Emergency Support Services (previously known as Emergency Social Services) provides short-term assistance to British Columbians who are forced to leave their homes because of fire, floods, earthquakes or other emergencies. This assistance includes food, lodging, clothing, emotional support and family reunification

=== Ground Search and Rescue===
Annually, Search and Rescue (SAR) volunteers in BC respond to over 1000 searches province-wide. Volunteer responders donate over 120,000 hours of their time on callouts and recent statistics show an astounding 95% of the subjects were found

Search and rescue is further broken down into individual teams what operate in an area of the province where they are responsible for familiarity and access (e.g., North Shore Rescue). They may be tasked from a variety of agencies such as the Royal Canadian Mounted Police, local police force, BC Ambulance, or the Coroner's service, and can be called to assist the Coast Guard, Department of National Defence, and Parks Canada. A number of search and rescue teams in BC are also trained and equipped for using the Helicopter Flight Rescue System to aid in rescuing people from dangerous or remote terrain.

In 2005 there were 93 individual SAR teams in the province, comprising approximately 4700 volunteers, and conducting an average of 900 operations per year, locating an average of 1200 people per year.

EMBC-affiliated ground SAR teams in BC are represented by the British Columbia Search and Rescue Association, as well as by their individual teams.

===Royal Canadian Marine Search and Rescue===

In 2017, EMBC signed a memorandum of understanding with the Royal Canadian Marine Search and Rescue (RCMSAR), which allows for provincial and local response agencies to access humanitarian assistance from RCMSAR in coastal and inland waterways. As a core function, RCMSAR responds to over 800 SAR missions annually from its 33 volunteer lifeboat stations. RCMSAR comprises over 1,100 volunteers and a small cadre of paid staff.

===Provincial Emergency Program Air Search & Rescue===
PEP Air's primary function is to assist Canadian Forces during search and rescue missions when additional resources are required. Currently, the organization includes over 100 aircraft crewed by more than 700 pilots, spotters and navigators.p

===BC Road Rescue Service===
BC Road Rescue is an organized service with members who may be requested to provide support to people involved in out-of-jurisdiction motor vehicle accidents where specialized skills and equipment are required.

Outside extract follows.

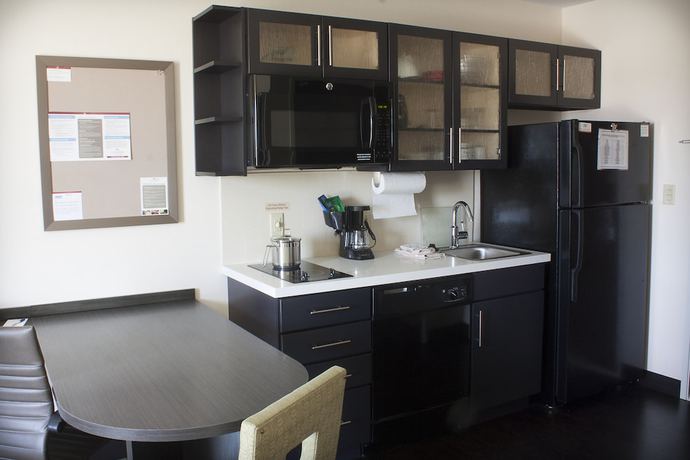 Imagen de la habitación del Hotel Candlewood Suites Youngstown W I-80 Niles Area, An Ihg. Foto 13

===Emergency radio communications===
During disasters and other serious emergency situations, when many other systems fail, a proven reliable means of communication has been emergency radio communications, notably Amateur Radio or "ham" radio. Emergency radio is a public safety lifeline that assists within the community and links the community in crisis to where relief and support can be coordinated.

===Volunteers' powers, privileges and recognition===

- Volunteers are allowed to use the Disaster Response Route when on duty.
- Provision has been made within the B.C. Emergency and Disaster Management Act (Bill 31) to ensure the compliance by all those given orders and directions arising from use of this act. The EDMA received Royal Assent on November 8, 2023.
- Civil liability exemption under the B.C. Emergency and Disaster Management Act (Bill 31) and WorkSafeBC coverage are both provided for any Public Safety Lifeline Volunteers. Section 30 of Bill 31 provides more detail.
- B.C.’s Good Samaritan Act applies to all volunteers (unless grossly negligent).
- Training from the provincial, regional and municipal governments.
- Special annual awards night.
- SAR training program administration and coordination through a grant of $250K to the Justice Institute of BC.